__PROBLEM__:
Exactly the lines from the one containing "1864-L Indian Head" through the one containing "Fossil Pink Faux" in the listing below are to be copied, with the pictures left out.

__EXERCISE MATERIALS__:
------------------------------------------------------------------------
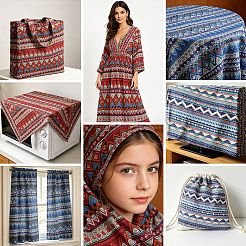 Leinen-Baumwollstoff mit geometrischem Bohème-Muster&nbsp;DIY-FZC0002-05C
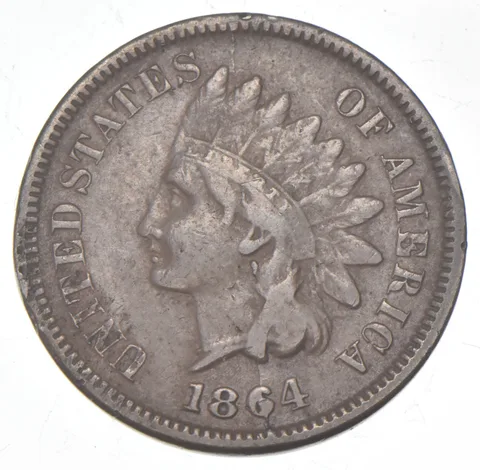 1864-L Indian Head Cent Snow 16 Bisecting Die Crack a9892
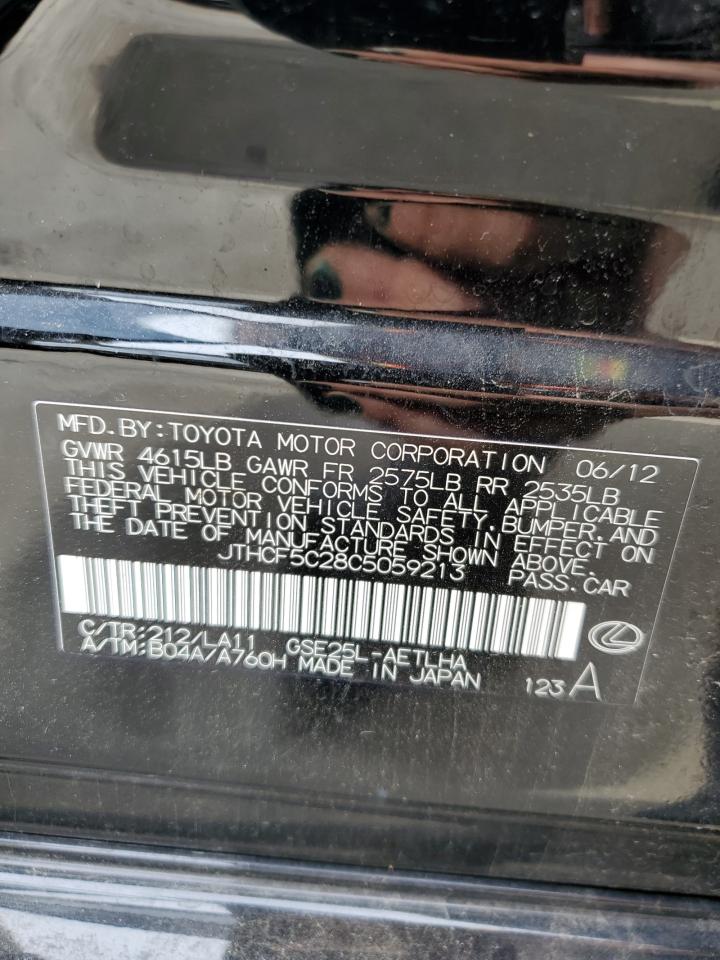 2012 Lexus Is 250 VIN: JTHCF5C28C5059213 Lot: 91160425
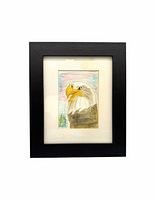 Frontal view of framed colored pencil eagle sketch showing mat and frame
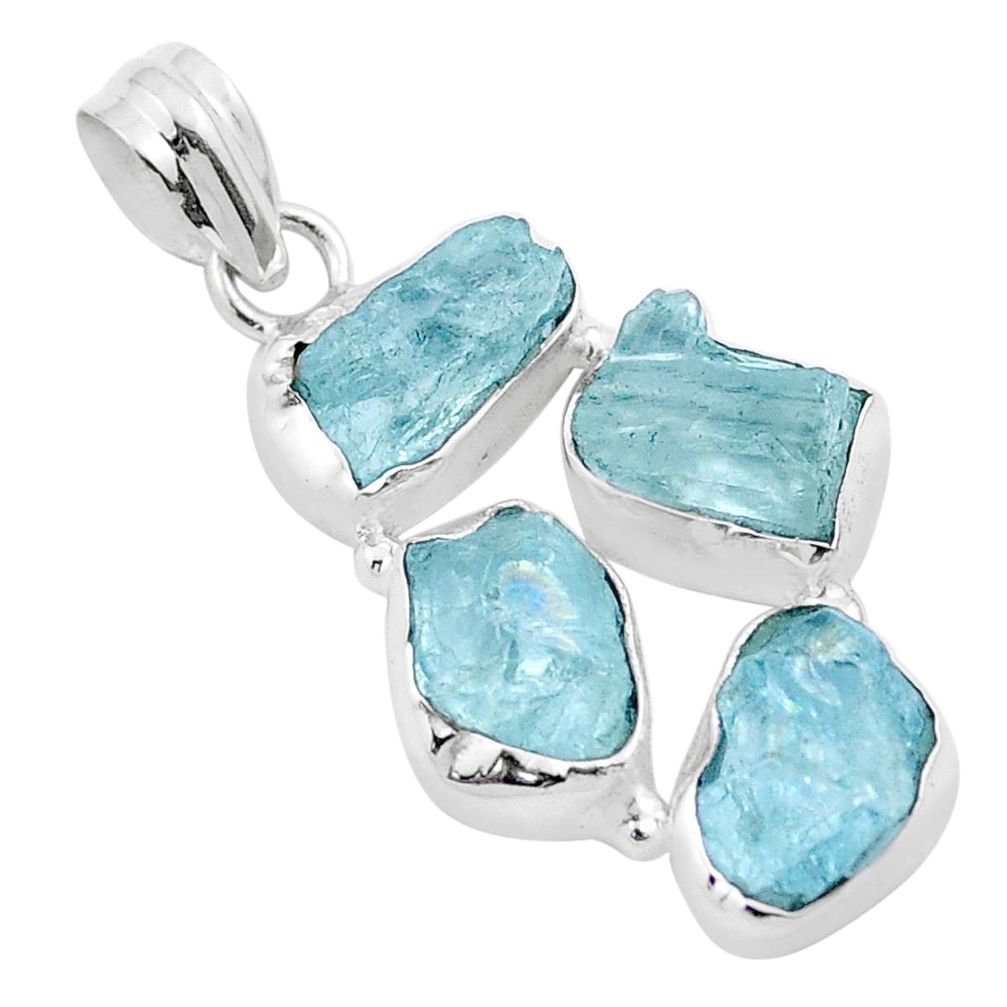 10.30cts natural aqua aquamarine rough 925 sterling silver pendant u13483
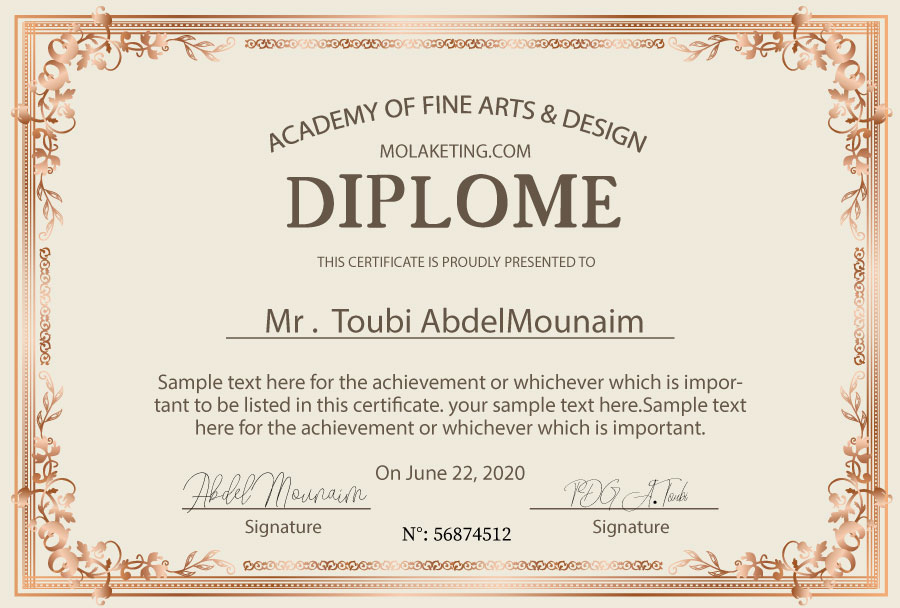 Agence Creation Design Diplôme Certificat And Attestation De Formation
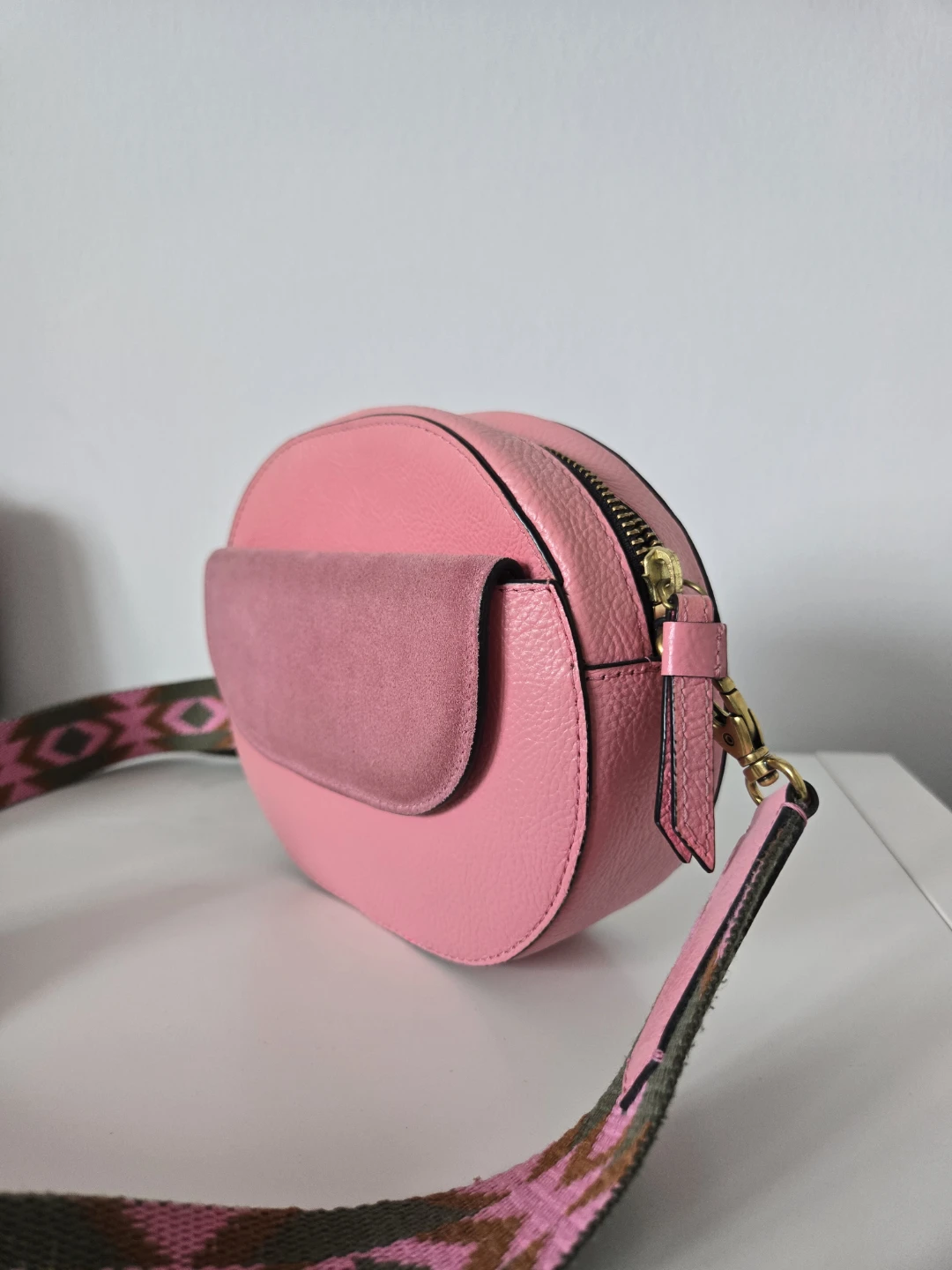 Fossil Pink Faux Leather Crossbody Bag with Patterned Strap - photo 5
------------------------------------------------------------------------
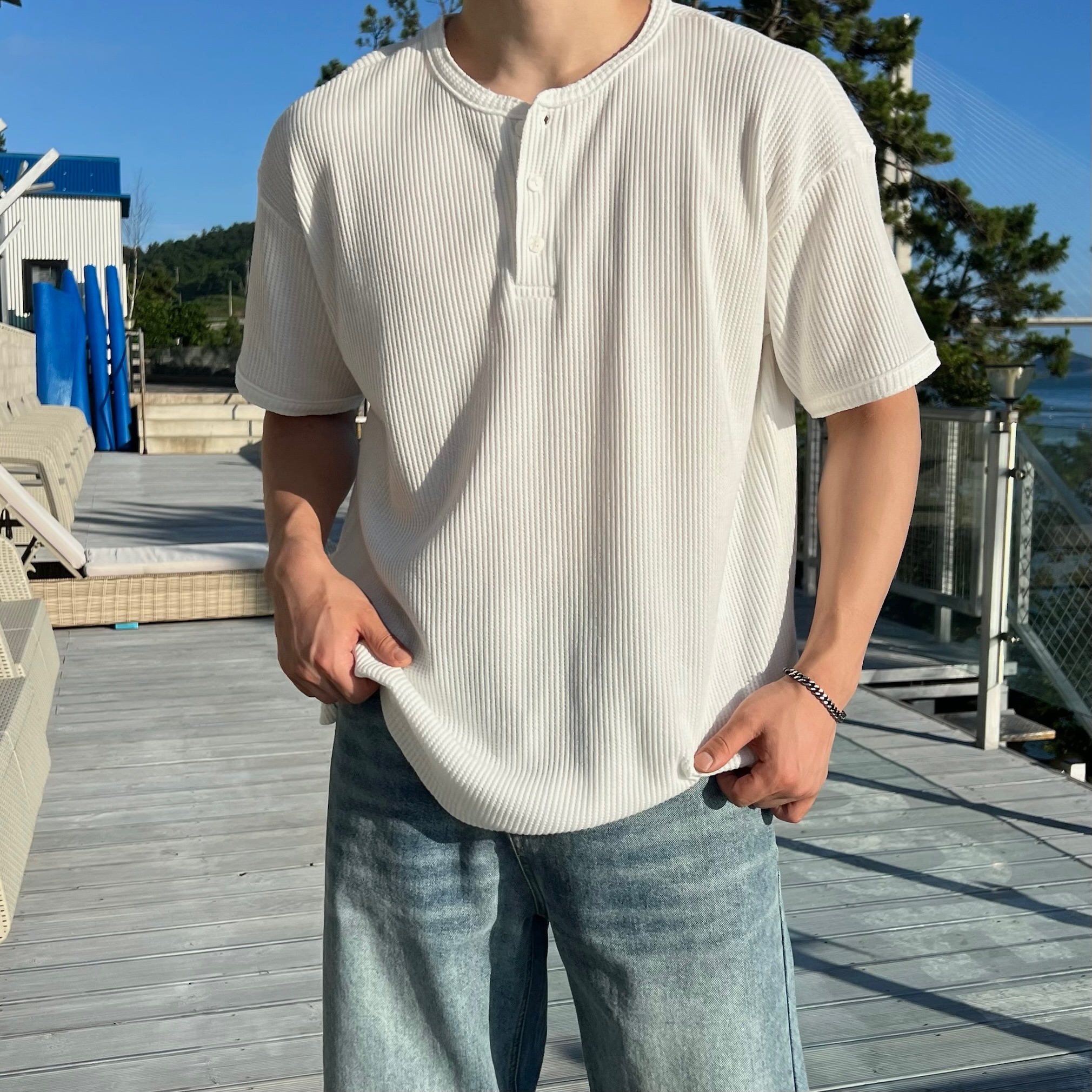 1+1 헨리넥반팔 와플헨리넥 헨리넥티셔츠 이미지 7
------------------------------------------------------------------------
__WRITTEN SOLUTION__:
 1864-L Indian Head Cent Snow 16 Bisecting Die Crack a9892
 2012 Lexus Is 250 VIN: JTHCF5C28C5059213 Lot: 91160425
 Frontal view of framed colored pencil eagle sketch showing mat and frame
 10.30cts natural aqua aquamarine rough 925 sterling silver pendant u13483
 Agence Creation Design Diplôme Certificat And Attestation De Formation
 Fossil Pink Faux Leather Crossbody Bag with Patterned Strap - photo 5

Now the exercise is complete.